• _TASK INPUT_
• • • • •
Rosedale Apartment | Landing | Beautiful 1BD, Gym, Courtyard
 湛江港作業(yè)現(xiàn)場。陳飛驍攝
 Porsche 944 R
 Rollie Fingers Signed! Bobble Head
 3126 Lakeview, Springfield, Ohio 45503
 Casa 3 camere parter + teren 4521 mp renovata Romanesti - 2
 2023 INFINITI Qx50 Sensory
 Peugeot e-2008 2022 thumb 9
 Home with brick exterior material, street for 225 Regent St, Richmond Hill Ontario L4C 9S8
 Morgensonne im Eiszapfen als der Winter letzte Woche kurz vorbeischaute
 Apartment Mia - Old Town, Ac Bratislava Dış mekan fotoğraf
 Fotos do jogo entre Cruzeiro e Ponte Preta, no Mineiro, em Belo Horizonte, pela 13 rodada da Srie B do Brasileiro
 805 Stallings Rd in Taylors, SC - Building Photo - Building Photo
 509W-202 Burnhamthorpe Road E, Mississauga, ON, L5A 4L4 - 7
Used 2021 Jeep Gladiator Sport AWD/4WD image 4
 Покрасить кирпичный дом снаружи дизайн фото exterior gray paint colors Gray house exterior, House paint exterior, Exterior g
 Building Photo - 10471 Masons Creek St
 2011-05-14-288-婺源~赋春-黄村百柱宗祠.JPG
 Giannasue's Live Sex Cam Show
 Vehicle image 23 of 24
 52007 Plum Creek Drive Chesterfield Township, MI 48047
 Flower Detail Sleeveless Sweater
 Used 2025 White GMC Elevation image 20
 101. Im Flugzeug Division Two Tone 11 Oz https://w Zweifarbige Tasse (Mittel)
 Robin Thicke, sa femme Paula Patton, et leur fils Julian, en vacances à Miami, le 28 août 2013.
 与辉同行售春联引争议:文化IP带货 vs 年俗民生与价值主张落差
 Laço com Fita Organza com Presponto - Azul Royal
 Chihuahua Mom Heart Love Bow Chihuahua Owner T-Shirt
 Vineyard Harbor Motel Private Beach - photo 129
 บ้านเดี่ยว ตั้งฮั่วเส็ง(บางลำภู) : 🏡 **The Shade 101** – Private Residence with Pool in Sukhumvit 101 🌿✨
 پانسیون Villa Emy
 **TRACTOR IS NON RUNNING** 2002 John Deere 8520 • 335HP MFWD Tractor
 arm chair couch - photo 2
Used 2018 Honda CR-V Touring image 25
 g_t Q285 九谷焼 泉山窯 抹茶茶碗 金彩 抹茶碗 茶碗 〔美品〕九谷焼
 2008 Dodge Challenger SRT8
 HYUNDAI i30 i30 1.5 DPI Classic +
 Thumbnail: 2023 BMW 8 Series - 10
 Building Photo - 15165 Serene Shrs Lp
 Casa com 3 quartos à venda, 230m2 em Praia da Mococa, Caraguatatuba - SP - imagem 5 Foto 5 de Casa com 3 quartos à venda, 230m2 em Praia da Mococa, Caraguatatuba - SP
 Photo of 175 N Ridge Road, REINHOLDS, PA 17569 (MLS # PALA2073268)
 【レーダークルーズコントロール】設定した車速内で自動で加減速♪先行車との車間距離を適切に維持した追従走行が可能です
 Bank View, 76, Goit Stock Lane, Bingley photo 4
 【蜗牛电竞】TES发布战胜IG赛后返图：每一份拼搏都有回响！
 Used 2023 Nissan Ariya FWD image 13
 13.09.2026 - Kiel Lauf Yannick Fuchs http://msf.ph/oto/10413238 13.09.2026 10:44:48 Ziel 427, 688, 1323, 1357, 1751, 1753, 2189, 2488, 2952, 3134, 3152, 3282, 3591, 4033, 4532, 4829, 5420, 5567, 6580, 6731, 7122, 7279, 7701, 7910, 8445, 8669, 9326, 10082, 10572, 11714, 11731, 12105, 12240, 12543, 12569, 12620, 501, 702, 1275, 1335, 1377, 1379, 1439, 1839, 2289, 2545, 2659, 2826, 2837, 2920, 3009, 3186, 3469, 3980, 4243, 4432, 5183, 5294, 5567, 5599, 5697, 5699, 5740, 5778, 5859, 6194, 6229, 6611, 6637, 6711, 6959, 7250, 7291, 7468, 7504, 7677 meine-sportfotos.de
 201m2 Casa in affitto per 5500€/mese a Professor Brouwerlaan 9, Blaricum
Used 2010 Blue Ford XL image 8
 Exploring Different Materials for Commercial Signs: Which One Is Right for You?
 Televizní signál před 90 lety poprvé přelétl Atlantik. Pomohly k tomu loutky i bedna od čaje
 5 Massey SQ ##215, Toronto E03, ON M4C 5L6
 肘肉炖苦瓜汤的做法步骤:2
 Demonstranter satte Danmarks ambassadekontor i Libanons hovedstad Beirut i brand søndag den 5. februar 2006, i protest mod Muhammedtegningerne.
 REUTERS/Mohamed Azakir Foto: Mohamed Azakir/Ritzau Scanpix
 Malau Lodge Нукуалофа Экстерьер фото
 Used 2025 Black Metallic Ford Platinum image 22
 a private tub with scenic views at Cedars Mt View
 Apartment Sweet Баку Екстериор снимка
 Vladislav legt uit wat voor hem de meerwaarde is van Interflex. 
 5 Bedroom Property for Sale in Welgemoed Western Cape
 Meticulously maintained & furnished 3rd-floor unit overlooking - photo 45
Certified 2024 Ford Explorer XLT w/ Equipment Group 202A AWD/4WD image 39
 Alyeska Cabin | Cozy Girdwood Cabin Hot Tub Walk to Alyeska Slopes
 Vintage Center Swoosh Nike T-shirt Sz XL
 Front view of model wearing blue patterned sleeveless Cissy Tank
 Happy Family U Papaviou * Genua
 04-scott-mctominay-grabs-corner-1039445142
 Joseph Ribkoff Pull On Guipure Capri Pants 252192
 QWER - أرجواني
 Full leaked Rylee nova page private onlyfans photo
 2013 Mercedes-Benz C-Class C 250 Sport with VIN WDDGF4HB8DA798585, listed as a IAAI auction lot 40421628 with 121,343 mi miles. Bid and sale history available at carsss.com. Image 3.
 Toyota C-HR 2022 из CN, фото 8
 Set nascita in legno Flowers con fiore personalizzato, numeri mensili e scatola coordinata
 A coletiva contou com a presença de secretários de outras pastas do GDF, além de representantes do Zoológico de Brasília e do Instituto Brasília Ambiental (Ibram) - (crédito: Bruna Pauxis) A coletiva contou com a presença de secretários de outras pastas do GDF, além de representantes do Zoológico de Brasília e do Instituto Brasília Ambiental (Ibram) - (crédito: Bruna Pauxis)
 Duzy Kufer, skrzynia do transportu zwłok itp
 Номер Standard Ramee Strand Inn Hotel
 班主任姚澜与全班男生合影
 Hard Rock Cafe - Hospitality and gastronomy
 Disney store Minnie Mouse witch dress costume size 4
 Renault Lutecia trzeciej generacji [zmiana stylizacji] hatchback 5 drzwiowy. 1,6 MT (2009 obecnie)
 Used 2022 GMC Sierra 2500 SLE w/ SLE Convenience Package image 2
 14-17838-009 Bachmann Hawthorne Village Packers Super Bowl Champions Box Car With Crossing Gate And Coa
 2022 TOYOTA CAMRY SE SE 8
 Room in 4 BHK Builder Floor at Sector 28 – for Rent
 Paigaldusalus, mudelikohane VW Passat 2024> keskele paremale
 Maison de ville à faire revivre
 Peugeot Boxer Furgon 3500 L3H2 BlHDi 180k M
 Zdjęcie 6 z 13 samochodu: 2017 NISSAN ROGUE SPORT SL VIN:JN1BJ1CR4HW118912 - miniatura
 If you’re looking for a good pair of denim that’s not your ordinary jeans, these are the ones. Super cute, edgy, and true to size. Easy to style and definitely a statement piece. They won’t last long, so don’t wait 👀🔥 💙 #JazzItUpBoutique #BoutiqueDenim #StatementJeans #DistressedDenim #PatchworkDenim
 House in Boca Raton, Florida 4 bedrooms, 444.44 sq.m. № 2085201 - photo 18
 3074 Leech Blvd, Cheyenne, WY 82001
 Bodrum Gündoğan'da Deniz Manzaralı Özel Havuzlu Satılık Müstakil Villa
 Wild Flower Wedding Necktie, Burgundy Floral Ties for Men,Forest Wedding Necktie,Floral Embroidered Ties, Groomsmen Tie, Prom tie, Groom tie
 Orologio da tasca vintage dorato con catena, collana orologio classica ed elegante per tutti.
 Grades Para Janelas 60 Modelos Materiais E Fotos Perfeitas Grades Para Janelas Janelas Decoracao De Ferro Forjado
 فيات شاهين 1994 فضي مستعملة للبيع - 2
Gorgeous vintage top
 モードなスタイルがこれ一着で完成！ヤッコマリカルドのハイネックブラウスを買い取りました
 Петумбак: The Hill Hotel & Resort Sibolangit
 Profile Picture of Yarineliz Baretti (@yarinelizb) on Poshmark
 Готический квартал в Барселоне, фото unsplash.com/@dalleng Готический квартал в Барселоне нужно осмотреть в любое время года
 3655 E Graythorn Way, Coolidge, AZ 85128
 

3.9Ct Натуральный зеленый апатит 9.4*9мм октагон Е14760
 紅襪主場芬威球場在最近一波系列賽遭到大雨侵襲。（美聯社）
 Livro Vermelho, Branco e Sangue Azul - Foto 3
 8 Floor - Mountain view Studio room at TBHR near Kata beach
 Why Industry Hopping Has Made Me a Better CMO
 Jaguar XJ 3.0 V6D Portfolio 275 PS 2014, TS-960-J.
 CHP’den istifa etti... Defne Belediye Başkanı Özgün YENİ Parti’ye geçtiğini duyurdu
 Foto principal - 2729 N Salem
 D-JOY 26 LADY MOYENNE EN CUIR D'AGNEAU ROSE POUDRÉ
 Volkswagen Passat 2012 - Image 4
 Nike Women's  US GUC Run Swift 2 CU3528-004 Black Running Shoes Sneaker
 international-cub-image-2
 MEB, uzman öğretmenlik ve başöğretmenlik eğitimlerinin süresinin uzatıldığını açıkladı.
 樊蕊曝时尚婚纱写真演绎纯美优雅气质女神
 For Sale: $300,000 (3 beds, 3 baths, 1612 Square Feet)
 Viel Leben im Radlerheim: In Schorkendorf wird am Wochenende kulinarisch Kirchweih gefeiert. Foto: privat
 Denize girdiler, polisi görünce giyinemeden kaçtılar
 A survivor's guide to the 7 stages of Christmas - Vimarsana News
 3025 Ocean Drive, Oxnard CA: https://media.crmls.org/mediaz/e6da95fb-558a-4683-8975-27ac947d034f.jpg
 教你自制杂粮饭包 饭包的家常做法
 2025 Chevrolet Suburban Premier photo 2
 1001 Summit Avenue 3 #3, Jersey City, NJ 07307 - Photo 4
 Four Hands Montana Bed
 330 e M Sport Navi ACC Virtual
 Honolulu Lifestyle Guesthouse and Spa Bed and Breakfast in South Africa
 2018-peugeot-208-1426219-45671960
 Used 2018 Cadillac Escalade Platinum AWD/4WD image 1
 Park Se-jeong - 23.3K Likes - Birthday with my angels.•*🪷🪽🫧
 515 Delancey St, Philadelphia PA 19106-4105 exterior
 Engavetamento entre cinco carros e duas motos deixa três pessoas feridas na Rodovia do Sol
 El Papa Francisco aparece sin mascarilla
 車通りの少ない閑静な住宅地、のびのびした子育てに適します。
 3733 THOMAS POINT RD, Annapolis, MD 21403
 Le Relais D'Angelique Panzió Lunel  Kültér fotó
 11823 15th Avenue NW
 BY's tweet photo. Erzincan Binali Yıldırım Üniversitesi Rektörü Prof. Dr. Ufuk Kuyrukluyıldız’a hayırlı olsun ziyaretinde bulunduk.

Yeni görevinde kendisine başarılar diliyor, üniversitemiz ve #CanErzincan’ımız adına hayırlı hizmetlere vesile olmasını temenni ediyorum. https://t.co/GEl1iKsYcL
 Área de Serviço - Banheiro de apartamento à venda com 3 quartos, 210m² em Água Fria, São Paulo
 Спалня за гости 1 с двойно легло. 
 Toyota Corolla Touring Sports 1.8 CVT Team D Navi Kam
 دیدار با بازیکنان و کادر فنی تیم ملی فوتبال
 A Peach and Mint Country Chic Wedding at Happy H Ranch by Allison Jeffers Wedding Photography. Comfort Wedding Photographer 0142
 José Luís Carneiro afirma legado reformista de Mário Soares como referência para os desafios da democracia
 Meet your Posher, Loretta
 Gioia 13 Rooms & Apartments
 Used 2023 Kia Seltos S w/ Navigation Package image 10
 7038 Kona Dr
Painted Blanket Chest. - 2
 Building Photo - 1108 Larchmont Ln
• • • • •
• _DIRECTIONS_
The answer should hold exactly the lines running from the one with "Спалня за гости 1 с двойно легло." to the final line of the data, both ends counted.

• _RESPONSE TO THIS EXERCISE_
 Спалня за гости 1 с двойно легло. 
 Toyota Corolla Touring Sports 1.8 CVT Team D Navi Kam
 دیدار با بازیکنان و کادر فنی تیم ملی فوتبال
 A Peach and Mint Country Chic Wedding at Happy H Ranch by Allison Jeffers Wedding Photography. Comfort Wedding Photographer 0142
 José Luís Carneiro afirma legado reformista de Mário Soares como referência para os desafios da democracia
 Meet your Posher, Loretta
 Gioia 13 Rooms & Apartments
 Used 2023 Kia Seltos S w/ Navigation Package image 10
 7038 Kona Dr
Painted Blanket Chest. - 2
 Building Photo - 1108 Larchmont Ln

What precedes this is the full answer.